In Situ Generation of Long-Term Stable α-CsPbI3 Nanocrystals in the Cs4PbI6 Matrix via Ion Migration

Cubic α-CsPbI3 is recognized as one of the most promising semiconductors for optoelectronic applications owing to its suitable band gap, excellent optoelectronic performance, and thermal stability. However, its phase instability from α to δ poses a significant obstacle for practical applications. How to stabilize α-CsPbI3 becomes a paramount issue. Here, we propose a strategy in which α-CsPbI3 nanocrystals (NCs) are in situ generated in the Cs4PbI6 single-crystal (SC) matrix through I ion migration, facilitated by its ultralow activation energy (0.104 eV). The existence of the I vacancy can promote ion migration and can increase the content of α-CsPbI3. As α-CsPbI3 NCs are generated in situ, the light yellow Cs4PbI6 SCs convert to black.

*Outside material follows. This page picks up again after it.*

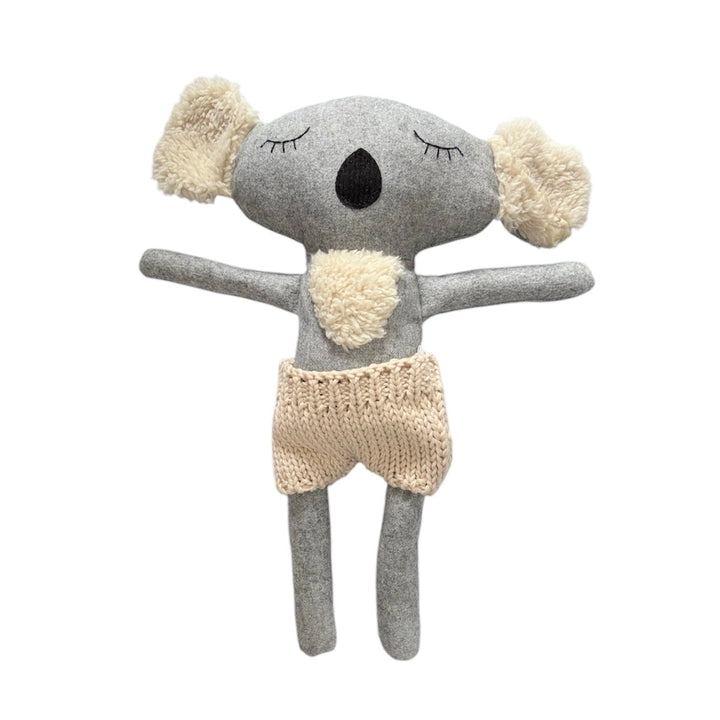 And The Little Dog Laughed Fergus Koala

The lattice of Cs4PbI6 twines outside of α-CsPbI3 NCs without a grain boundary and restricts the migration of I and Cs within the α-CsPbI3 lattice. This mechanism effectively stabilizes α-CsPbI3 for over 2 years without experiencing a phase transition. Such stable α-CsPbI3 NCs exhibit deep red emission (700 nm), a high exciton binding energy (55.5 meV), and a long carrier lifetime (176.9 ns). Furthermore, annealing at 320 °C for 12 h did not result in any damage. Additionally, white-light-emitting diodes (WLEDs) were fabricated using black Cs4PbI6 SCs and yellow phosphor YAG:Ce3+ under an atmospheric environment and realized white emission. The WLEDs maintain approximately 86% luminescence after 18 days or under continuous operation for 12 h, demonstrating high stability and eliminating the need for short-wavelength blue chips. Overall, the α-CsPbI3 NCs deviating from Cs4PbI6 SCs offer an approach to realize highly efficient light-emitting diode applications.